L’Histoire nous apprend que pendant a première moitié du 19e siècle, il s’est produit un changement profond: La question sociale omniprésente à l’époque (en forme de la paupérisation des paysans fortement endettés après leur soi-disant libération, la paupérisation des travailleurs à domicile et de la main-d’œuvre industrielle naissante) était étroitement liée aux débuts de l’industrialisation et à son diktat de la pensée économique libérale. Par la suite, des perturbations similaires se sont produits dans d’autres domaines aussi.
Destruction «créative»…
Wikipedia (en allemand), nous en instruit de la sorte:
«La destruction créative est un terme de macroéconomie dont le message principal est le suivant: tout développement économique (au sens d’un développement qui n’est pas seulement quantitatif) repose sur un processus de destruction créative. Grâce à une nouvelle combinaison de facteurs de production qui s’impose avec succès, les anciennes structures sont évincées et finalement détruites.
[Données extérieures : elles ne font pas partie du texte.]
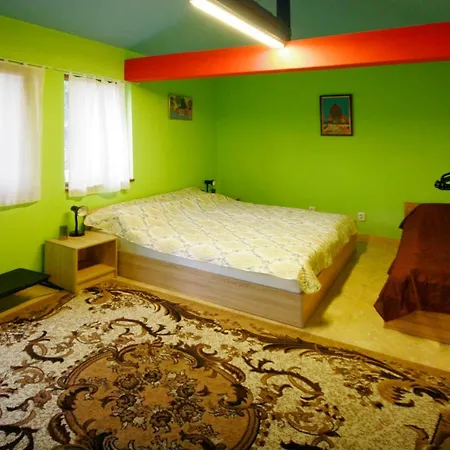 Chuchi 1 Zlatna Panega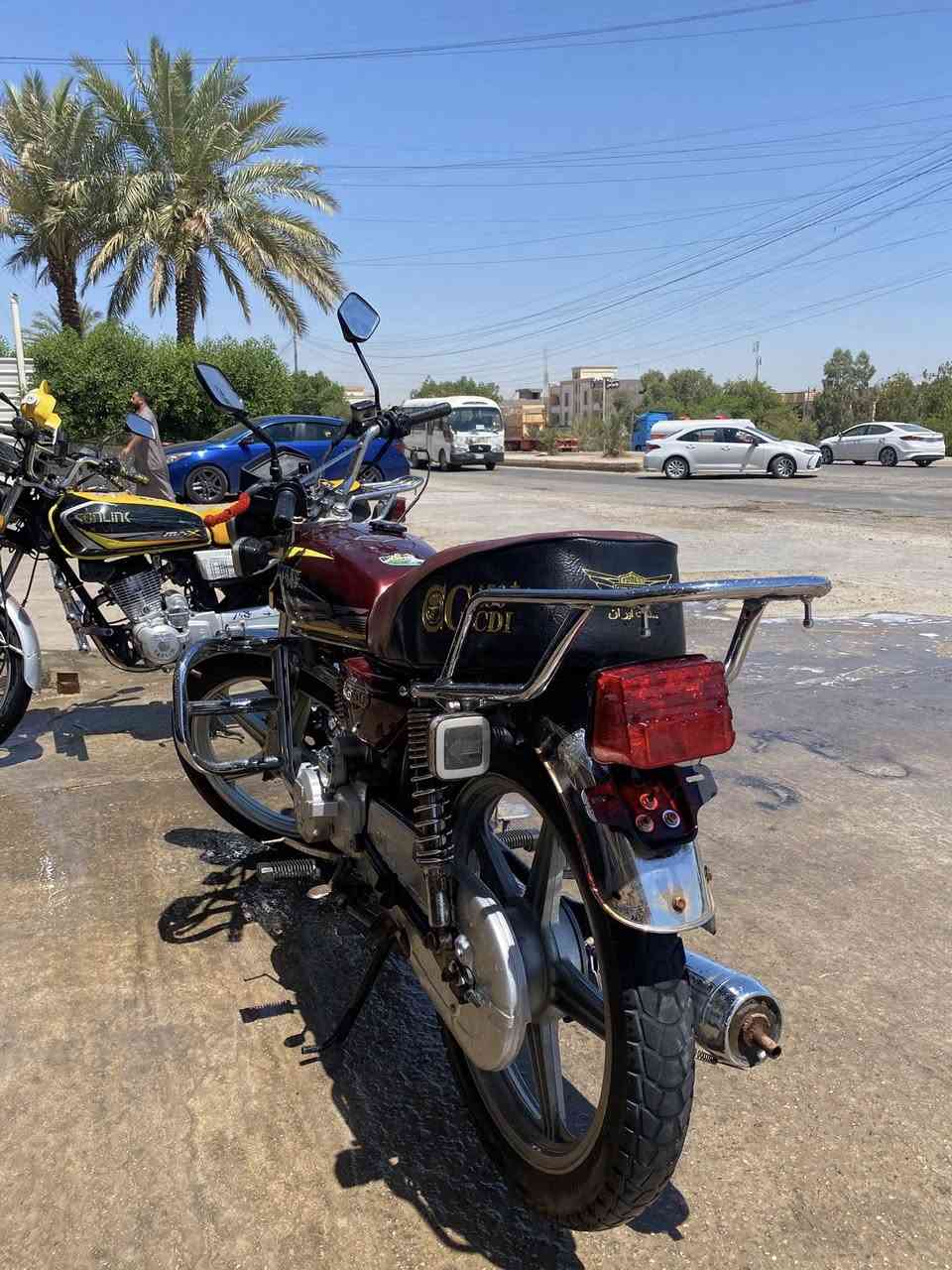السلام عليكم شباب موطور ايراني موديل 22شغال كله محرك مامفتوح لوك سعر 600بيه مجال شويه عنواني التاميم ***********
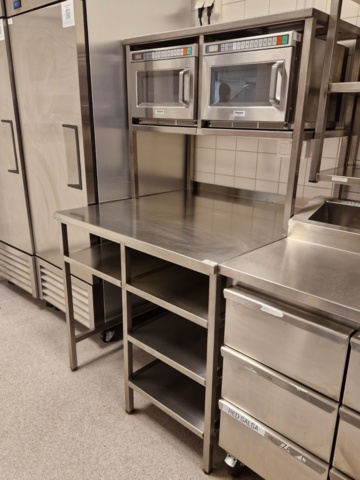 987210-2 Stainless bench with shelf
La destruction est donc nécessaire – et non pas un défaut du système – pour que la réorganisation puisse avoir lieu». (mise en relief km)
Le protagoniste «woke» dans le roman de Juli Zeh serait tout à fait d’accord avec cela, du moins dans la première moitié du roman – mais de nos temps modernes, il n’est guère lié à la vie économique seule, mais s’applique de manière générale à tous les domaines de la vie sociale suscecptibles, dans la pensée «woke», d’être détruits.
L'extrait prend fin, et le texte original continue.